_Activity_
The lines from the one containing "New Operating Room" through the end of the entries are what to output; reproduce them exactly and add nothing.
[Start of Attachment]
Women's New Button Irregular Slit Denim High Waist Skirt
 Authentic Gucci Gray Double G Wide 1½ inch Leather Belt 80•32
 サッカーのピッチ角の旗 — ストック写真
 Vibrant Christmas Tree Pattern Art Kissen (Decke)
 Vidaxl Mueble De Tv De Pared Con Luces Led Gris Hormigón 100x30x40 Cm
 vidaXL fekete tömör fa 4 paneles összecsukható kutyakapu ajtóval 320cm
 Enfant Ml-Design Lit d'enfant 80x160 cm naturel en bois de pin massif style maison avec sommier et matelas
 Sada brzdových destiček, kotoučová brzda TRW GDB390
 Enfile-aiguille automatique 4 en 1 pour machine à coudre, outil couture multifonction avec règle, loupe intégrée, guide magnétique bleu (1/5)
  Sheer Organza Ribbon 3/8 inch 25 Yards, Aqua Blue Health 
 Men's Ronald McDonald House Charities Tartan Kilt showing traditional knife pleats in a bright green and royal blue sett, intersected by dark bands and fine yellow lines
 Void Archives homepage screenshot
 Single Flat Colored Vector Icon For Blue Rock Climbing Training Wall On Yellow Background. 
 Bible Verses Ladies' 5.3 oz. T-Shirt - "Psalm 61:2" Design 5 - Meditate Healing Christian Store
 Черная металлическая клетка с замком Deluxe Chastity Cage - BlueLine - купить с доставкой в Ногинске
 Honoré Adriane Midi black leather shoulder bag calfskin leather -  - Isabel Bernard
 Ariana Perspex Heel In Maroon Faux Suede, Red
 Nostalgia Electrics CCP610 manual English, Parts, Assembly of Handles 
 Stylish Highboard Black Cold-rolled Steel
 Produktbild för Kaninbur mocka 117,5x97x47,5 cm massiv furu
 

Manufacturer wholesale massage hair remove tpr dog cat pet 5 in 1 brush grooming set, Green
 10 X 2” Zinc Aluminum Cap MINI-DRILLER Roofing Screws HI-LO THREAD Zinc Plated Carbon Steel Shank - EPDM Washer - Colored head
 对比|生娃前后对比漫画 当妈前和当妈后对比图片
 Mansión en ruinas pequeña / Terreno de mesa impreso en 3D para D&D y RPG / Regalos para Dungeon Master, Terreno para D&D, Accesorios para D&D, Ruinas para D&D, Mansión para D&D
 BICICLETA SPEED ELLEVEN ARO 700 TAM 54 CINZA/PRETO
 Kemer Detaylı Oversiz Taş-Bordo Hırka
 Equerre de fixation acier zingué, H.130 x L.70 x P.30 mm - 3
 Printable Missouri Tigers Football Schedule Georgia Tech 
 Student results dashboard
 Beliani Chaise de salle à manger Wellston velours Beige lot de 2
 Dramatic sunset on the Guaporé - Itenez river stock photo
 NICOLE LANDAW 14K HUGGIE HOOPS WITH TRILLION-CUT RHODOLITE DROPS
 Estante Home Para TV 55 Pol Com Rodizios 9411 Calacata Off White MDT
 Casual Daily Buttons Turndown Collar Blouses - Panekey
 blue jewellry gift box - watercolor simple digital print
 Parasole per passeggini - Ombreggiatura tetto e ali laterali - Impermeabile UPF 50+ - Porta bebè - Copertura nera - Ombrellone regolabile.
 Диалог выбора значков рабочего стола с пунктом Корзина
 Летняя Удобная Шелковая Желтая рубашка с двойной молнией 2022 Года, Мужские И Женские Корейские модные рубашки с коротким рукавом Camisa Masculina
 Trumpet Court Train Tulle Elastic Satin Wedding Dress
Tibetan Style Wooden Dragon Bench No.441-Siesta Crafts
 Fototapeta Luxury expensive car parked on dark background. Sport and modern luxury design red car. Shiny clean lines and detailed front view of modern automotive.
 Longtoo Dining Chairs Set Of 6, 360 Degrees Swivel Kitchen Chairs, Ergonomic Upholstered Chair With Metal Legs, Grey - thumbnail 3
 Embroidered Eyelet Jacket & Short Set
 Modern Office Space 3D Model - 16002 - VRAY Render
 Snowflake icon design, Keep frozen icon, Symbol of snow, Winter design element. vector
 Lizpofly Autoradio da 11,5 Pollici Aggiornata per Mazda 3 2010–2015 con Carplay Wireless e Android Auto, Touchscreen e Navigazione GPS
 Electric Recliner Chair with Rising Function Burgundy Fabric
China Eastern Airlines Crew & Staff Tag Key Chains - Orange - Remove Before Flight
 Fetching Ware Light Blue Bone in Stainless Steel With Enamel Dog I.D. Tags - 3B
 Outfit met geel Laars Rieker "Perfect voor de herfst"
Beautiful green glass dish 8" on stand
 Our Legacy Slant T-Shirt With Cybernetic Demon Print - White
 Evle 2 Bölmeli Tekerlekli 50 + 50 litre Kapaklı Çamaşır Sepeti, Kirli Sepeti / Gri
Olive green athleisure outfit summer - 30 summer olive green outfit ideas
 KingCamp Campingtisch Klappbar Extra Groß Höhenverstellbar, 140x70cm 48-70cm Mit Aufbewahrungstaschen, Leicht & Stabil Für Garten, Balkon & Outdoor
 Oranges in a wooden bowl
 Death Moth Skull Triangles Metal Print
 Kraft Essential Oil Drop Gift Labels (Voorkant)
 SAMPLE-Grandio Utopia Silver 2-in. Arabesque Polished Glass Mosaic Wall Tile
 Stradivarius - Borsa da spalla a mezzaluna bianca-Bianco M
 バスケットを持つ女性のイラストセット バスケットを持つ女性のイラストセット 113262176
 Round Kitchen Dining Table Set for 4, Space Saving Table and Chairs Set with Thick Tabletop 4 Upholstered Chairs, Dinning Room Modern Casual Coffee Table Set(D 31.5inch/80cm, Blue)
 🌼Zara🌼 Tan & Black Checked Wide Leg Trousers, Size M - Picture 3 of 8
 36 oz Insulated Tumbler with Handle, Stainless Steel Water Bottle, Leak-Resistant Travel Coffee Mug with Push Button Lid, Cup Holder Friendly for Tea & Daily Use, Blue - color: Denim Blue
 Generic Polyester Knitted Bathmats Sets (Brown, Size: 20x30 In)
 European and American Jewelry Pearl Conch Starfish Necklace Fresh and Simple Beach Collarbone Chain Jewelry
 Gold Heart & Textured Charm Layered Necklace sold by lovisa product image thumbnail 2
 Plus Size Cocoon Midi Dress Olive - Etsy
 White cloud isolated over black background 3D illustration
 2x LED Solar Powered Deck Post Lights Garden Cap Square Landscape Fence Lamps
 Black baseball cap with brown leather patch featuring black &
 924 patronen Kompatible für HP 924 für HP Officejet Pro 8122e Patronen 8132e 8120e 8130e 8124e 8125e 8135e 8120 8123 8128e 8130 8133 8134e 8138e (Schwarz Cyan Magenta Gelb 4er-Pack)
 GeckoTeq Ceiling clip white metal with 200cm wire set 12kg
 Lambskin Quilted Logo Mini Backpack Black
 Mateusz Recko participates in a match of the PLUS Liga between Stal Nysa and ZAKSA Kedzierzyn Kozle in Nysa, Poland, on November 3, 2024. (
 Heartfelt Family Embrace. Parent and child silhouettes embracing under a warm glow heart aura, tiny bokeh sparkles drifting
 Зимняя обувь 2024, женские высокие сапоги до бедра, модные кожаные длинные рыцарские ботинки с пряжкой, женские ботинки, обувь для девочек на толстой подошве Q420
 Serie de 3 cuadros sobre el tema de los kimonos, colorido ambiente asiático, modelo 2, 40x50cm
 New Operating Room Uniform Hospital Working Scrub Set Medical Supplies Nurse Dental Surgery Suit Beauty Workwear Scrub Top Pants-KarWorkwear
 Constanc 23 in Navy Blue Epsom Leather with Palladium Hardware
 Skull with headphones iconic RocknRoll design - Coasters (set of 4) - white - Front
[End of Attachment]
_Exercise result_
 New Operating Room Uniform Hospital Working Scrub Set Medical Supplies Nurse Dental Surgery Suit Beauty Workwear Scrub Top Pants-KarWorkwear
 Constanc 23 in Navy Blue Epsom Leather with Palladium Hardware
 Skull with headphones iconic RocknRoll design - Coasters (set of 4) - white - Front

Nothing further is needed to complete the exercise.